NILC's development and communications staff tested less specialized and more action‐oriented email messages and found that recipients opened them more often than NILC's traditional longer, analytical emails. NILC's new messages invited supporters to act in multiple ways, including communicating with immigrant leaders, contacting elected officials, leaving public comments on federal platforms, and making donations.

In addition, development staff segmented donors from NILC's broader email universe and created messages addressing donors as donors, acknowledging the impact of their gifts, and inviting donors to consider increasing their contributions or becoming sustaining donors.

These changes resulted in engagement rates across all platforms exceeding benchmarks and development staff surpassing their donor retention goals.

In the post‐2016 election period, NILC also expanded its existing practices with major donors. Prior to 2016, Hincapié had been meeting with and sending personal communications to donors contributing $1,000 or more. After the 2016 election, the number of donors giving at that level grew exponentially. So, the threshold for meetings with the Executive Director increased to $5,000, with support from a newly hired Senior Officer, Individual Giving, who also maintains NILC's relationships with major donors.

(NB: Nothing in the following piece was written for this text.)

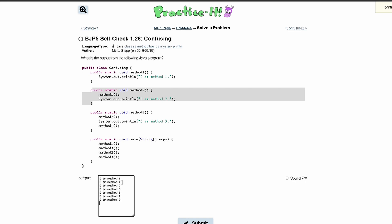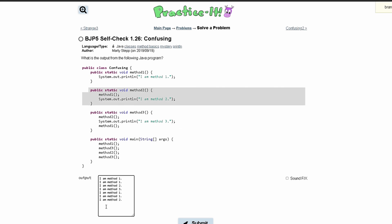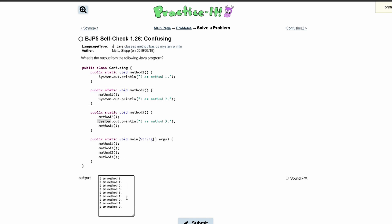Next we are calling method 3 again, so we run through it again. We call method 2, and the first line of method 2 calls method 1, so we print 'I am method 1'. Then we print 'I am method 2'. Going back into method 3, we print 'I am method 3'. Then we make a call to method 1 and print 'I am method 1'.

Within a few years after the 2016 election, the percentage of income NILC received from foundations shifted from 90% to 63%, with the remaining revenue coming from a mix of individual contributions, legal fees, and corporate support.

With a sober understanding that Trump's dangerous anti‐immigrant policies, rooted in white supremacy, undermined our democracy, NILC used increased unrestricted revenue to establish a new strategic framework. That framework sets a new vision for immigrant justice grounded in racial and economic justice and equity that will require continued advocacy for just laws and policies, combined with movement and power building, narrative, and culture change.

NILC's strong financial health positioned the organization to advocate for a society in which everyone has the freedom to thrive regardless of where they were born or how much money they have.

Given the United States' long, traumatic, and ongoing history of beckoning immigrants to be low‐wage workers but then viciously turning on them when they demand fundamental respect and dignity, the fight for immigrants' rights will continue for years to come.

The groups profiled in this chapter exemplify how fundraising is a form of organizing and empowerment for immigrants, and how community organizing can lead to fundraising success among immigrants and nonimmigrants.

These organizations have proven that immigrants, many of whom have low‐incomes, want to contribute financially to a nonprofit after they understand the group's value and how it is relevant to their lives and values. In that sense, immigrants are just like any other donors. Asking immigrants to fund and take ownership of organizations is a way to show them respect. As Beth Rayfield, one of CHIRLA's Development Directors, commented on asking low‐income immigrants for contributions, “You can't take their choice away. You're taking away someone's dignity if you don't ask them and give them a choice to say yes or no.”

The nonprofits we discuss in this chapter have built bases of immigrant and nonimmigrant donors who can be called on to provide the political and financial muscle necessary to advance the movement to secure justice and equity for immigrants, who are essential members of our families, neighborhoods, workplaces, and communities.